I am working as a sales/trading intern at the Foreign Exchange (FX) side of State Street. The FX market is open twenty four hours a day, six days a week as a one-hundred percent electronic market. Banks around the world buy and sell currency (the US Dollar, the Chinese RMB, the Japanese Yen, the Euro, etc.). This works a lot like traveling to a foreign country and exchanging money, except that it is all done (one against another). Most commonly, currencies are paired with the US Dollar (USD). The principle in making money is the same as in the stock market: buy low, sell high (or variations on that theme: buy high, sell higher; sell high, buy low; etc.) Since currencies fluctuate just as stocks do, the idea is to buy currency when it is low or weak and sell currency when it is high or strong.
And there certainly is a lot of money to be pushed around. Banks do transactions on behalf of customers wanting to have liquid (cash) of a certain kind. If a customer calls in and says she wants Japanese yen, it’s the banks duty to go out and get a buy yen for that client with another currency. The second function is that banks try to make money directly by buying and selling currencies on speculation that a currency will go up or down.
There a lot of factors that may affect a buy-up or a sell-off of currency. The most direct affect of currency movement is when news comes out about a country (not necessarily news about its currency) and it does not meet expectations (or surpasses them). Then the market moves to adjust to that news. That’s why traders here are connected to news services like Bloomberg, all the time. Individuals and their banks can sometimes have great affects too with or without connection to the news. If an individual decides to buy many million in Thai Baht, that can single-handedly boost the currencies value as other banks also try to jump in to make a profit.
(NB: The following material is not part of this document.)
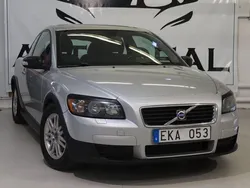 Ljusgrå (grå) Begagnad 2008 Volvo C30 Kinetic Halvkombi | 39 900 kr (Marknadspris)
So how does one gain a competitive edge in the Foreign Exchange? Dissemination of information (news) is relatively equal among banks so the key is finding information not necessarily “out.” Also, it’s important to just be faster to figure out a market trend then the next guy. This is done by having the both the best data analysis but also a knack for picking up trends. It’s a common for traders to believe in the fact that market scenarios repeat themselves in one way or another. The analysis of what happens in the market happens all the time but in order to be profitable, one has to hope to be right immediately.